2.2.2. Deze bewezenverklaring steunt op de volgende bewijsmiddelen:
"1. een proces-verbaal van aangifte met nummer PL2540 2009088833-1, d.d. 7 december 2009 in de wettelijke vorm opgemaakt door de opsporingsambtenaar [verbalisant 1], - zakelijk weergegeven - inhoudende:
als verklaring van aangeefster [het slachtoffer]:
Op 6 december 2009 werd in Almere geweld tegen mij gepleegd. Ik wens aangifte te doen tegen een persoon met de voornaam [verdachte], een blanke jongen van ongeveer 17 jaar oud. In de nacht van zaterdag op zondag (het hof begrijpt: van 5 op 6 december 2009) was ik uit in Almere. Ik kwam [betrokkene 1], [betrokkene 2] en [verdachte] tegen.
Ik heb een vuistslag gekregen en kwam kennelijk knock-out op de grond te vallen.
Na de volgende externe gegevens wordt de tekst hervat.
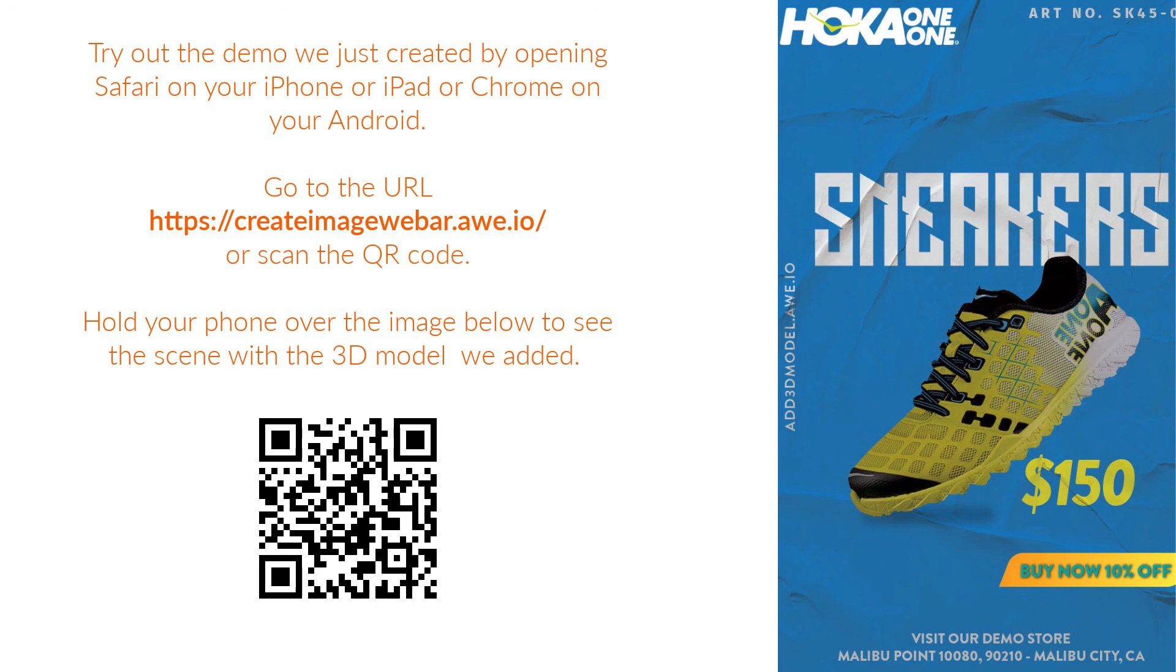like SpatialAR, GPS LocationAR, RelativeAR, FaceAR, and 360-degree or WebVR scenes.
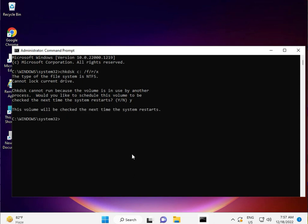Okay, and then restart your system. This volume will be checked the next time the system restarts. Guys, when you restart, the system will do a scanning process automatically. So please wait. Actually, this is deleting some bugs and errors.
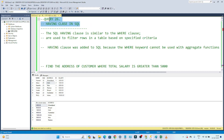Hello everyone. In this video we are going to see about the HAVING clause in SQL. It is similar to the WHERE clause and it is a very important interview question — what is the difference between the WHERE clause and the HAVING clause? So these are the things we are going to discuss in this video. Let us start.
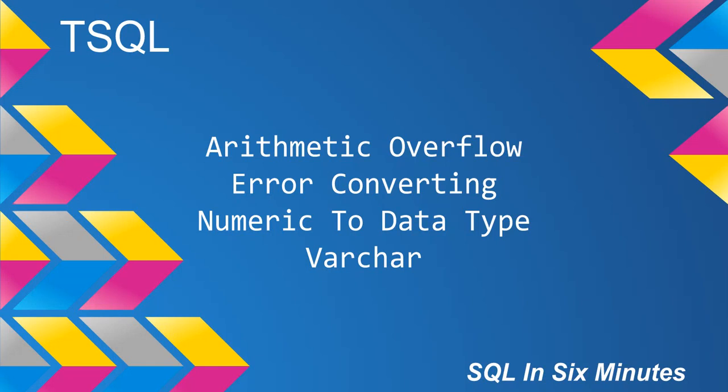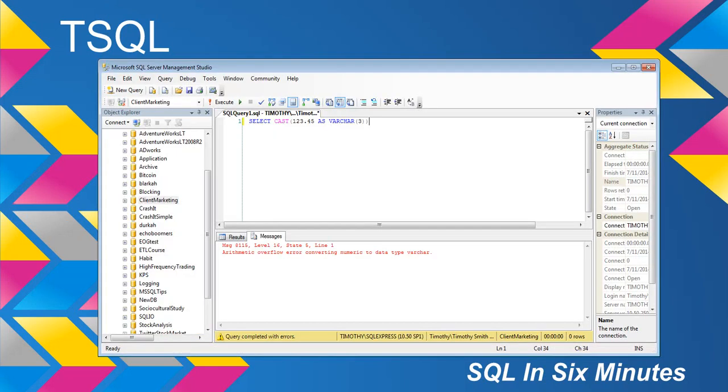I got asked this question the other day and I was like, it's pretty straightforward. If you try to cast 123.45 as VARCHAR(3), it's not going to cast.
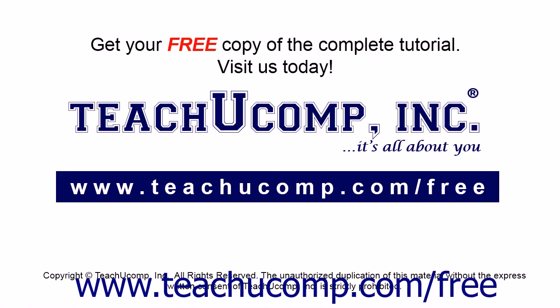Get your free copy of the complete tutorial at www.teachucomp.com/free.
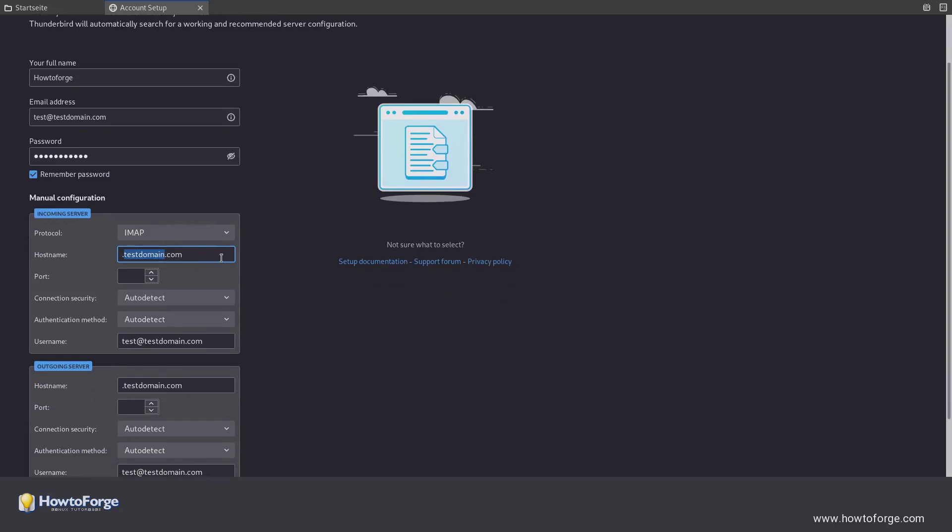In this field do not enter the email domain. Enter the server name you chose when you set up your server, for example MX.myserver.com. Otherwise, you will end up with a certificate warning.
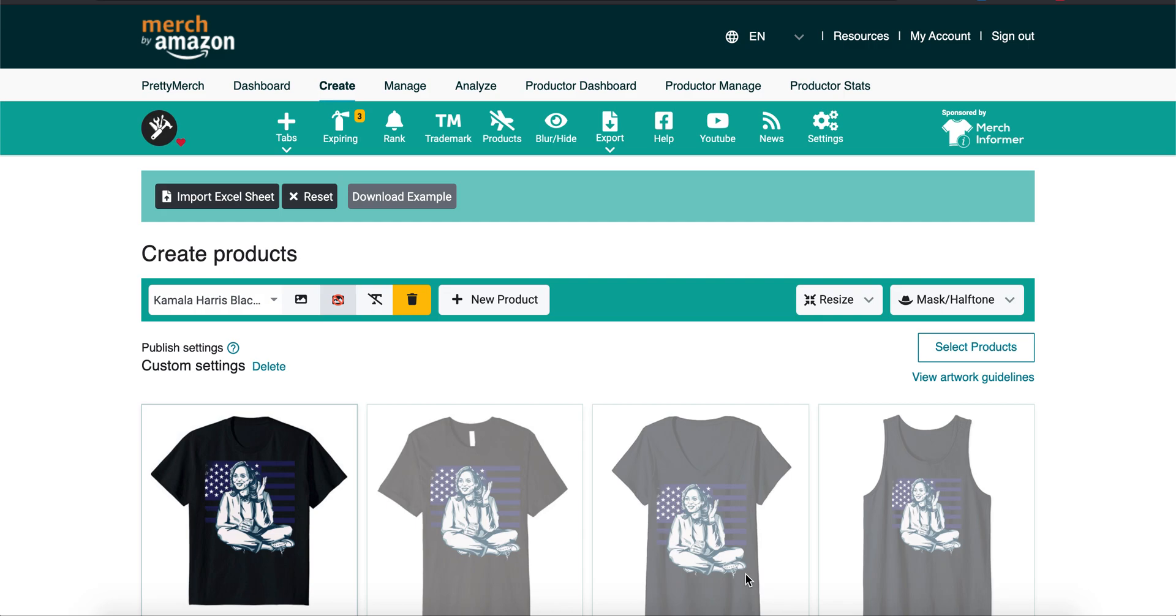Let's get straight into it. What's up YouTube, and today we're going to show you how I list things, my process and how I do things. Okay, so this what you see right here is called Merch Informer.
Ik voel nu pijn op mijn gelaatsstreek. Ik ben voor het door mij opgelopen letsel in het Flevoziekenhuis behandeld. Een MRI-scan heeft uitgewezen dat mijn linker oogkas een breuk heeft opgelopen ten gevolge van het op mijn gelaat toegepaste geweld.
2. een schriftelijk stuk, te weten een 'aanvraag medische informatie', voorzien van proces-verbaalnummer 2009088833-1, gedateerd op 10 december 2009, waarop (onder het kopje "Geneeskundige verklaring") is ingevuld:
Medische informatie betreffende: [het slachtoffer]
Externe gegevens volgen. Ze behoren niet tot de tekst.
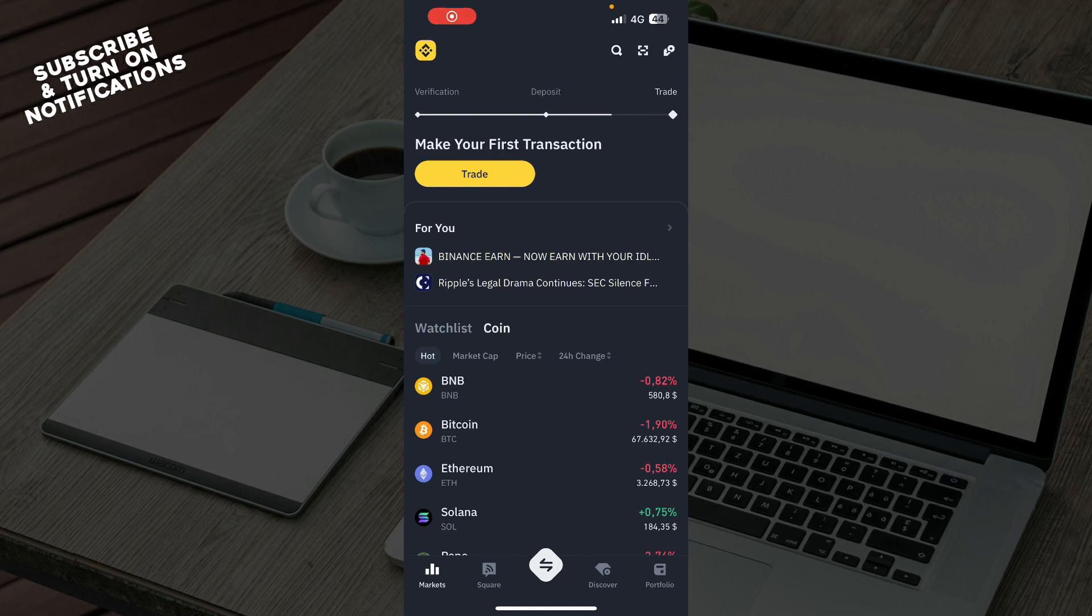Hello guys and welcome back to the channel where today I'll be showing you how to use Binance App Voucher.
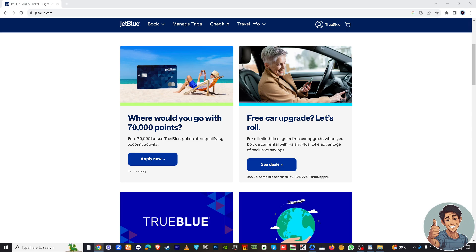Hey there fellow travelers! Welcome back to our channel. For today's video, we've got an exciting topic to cover and that is how to use your JetBlue travel bank credit. If you've got travel funds waiting to be used, we're here to make it super easy for you. But before we jump into it, make sure you hit that subscribe button below and ring the notification bell so you never miss out on any of our latest content.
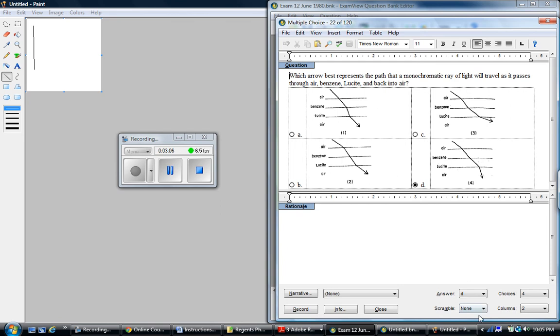So what I would do in that case is I would switch the scramble option to none. This way one goes in the first spot, two goes in the second, three goes in the third slot, etc.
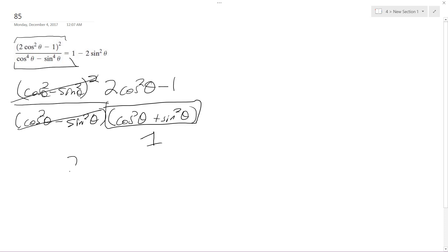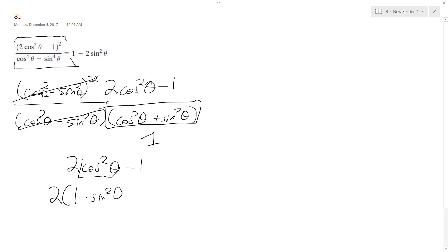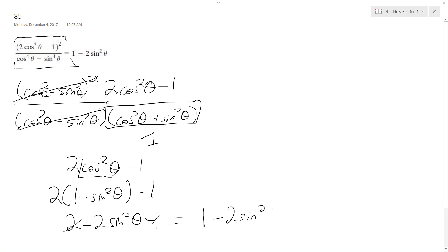So we end up with 2 cosine squared theta minus 1. I can do 2 times 1 minus sine squared theta minus 1. So this becomes 2 minus 2 sine squared theta and then minus 1. And that's how we end up with 1 minus 2 sine squared theta.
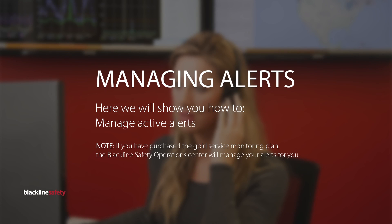When a device generates a remote alert, it is shown in the BlackLand Live Portal where further action will be required. If you have purchased the Gold Service Monitoring Plan, the BlackLand Safety Operations Center will manage your alerts for you.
Omschrijving van het letsel: niet zichtbaar letsel: breuk van het bot, oogkas linker oog
3. een proces-verbaal van verhoor getuige met nummer PL2542 2009088833-31, d.d. 9 december 2009 in de wettelijke vorm opgemaakt door de opsporingsambtenaar [verbalisant 3], - zakelijk weergegeven - inhoudende:
als verklaring van [betrokkene 3]:
Op 6 december 2009 om ongeveer 03:15 uur hoorde ik buiten bij mij in de straat, de [a-straat] te Almere, geschreeuw. Ik hoorde een meisje schreeuwen. Ik zag dat het meisje en een jongen aan elkaar begonnen te duwen en trekken. Ik zag dat de jongen een slaande beweging maakte met zijn vuist in de richting van het hoofd van het meisje. Nog geen tel later zag ik dat het meisje op de grond lag en ik zag dat de jongen over haar heen zat. Ik zag toen dat de jongen weer een slaande beweging maakte met zijn rechtervuist in de richting van het gezicht van het meisje.
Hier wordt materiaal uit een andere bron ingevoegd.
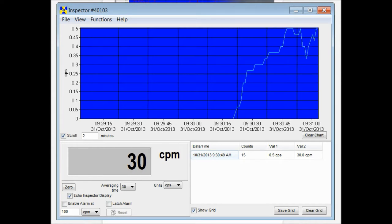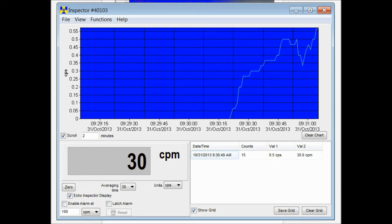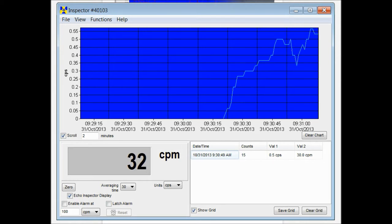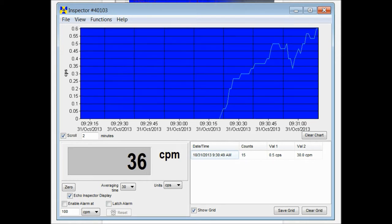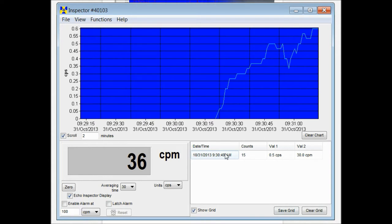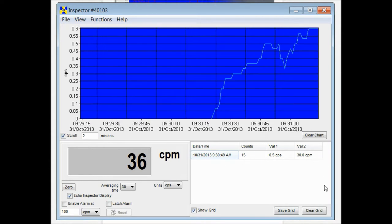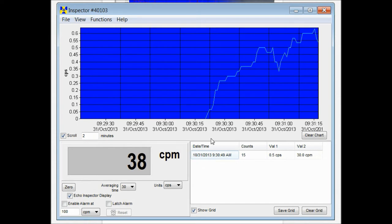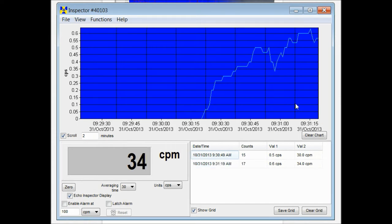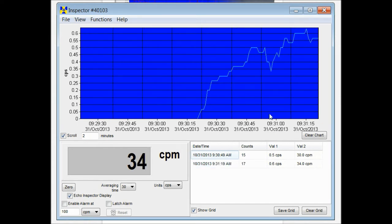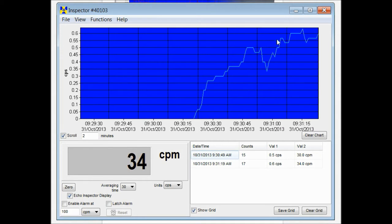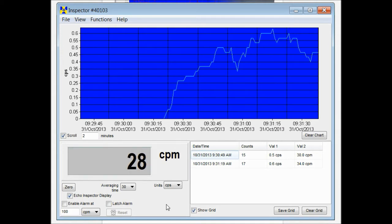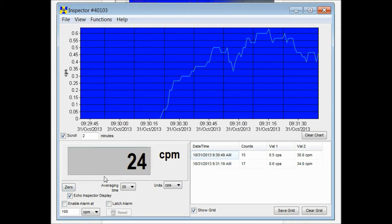The software window is broken up into three different sections. Right here you have your grid. This is going to record periodically and create a spreadsheet for you. Up here you have your chart. This is collecting the live data that's coming off of your device. And in the lower right you have a window that will mirror the display.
4. een proces-verbaal van verhoor getuige met nummer PL2540 2009088833-34, d.d. 15 december 2009 in de wettelijke vorm opgemaakt door de opsporingsambtenaar [verbalisant 1], - zakelijk weergegeven - inhoudende:
als verklaring van [betrokkene 1]:
Ik heb begrepen dat u mij nader wilt verhoren in verband met het incident waarbij [het slachtoffer] als slachtoffer is betrokken geweest.
Ik zag tijdens de schermutselingen tussen [het slachtoffer] en mij dat [verdachte] oog in oog tegenover [het slachtoffer] kwam te staan en dat zij vervolgens met elkaar gingen worstelen. Ik zag toen dat [het slachtoffer] op de grond lag en dat [verdachte] over haar heen stond. Ik zag dat [verdachte] zijn tot vuist gebalde rechterhand naar de gelaatstreek van [het slachtoffer] uithaalde. Ik zag dat [verdachte] dit kennelijk opzettelijk en met kracht deed.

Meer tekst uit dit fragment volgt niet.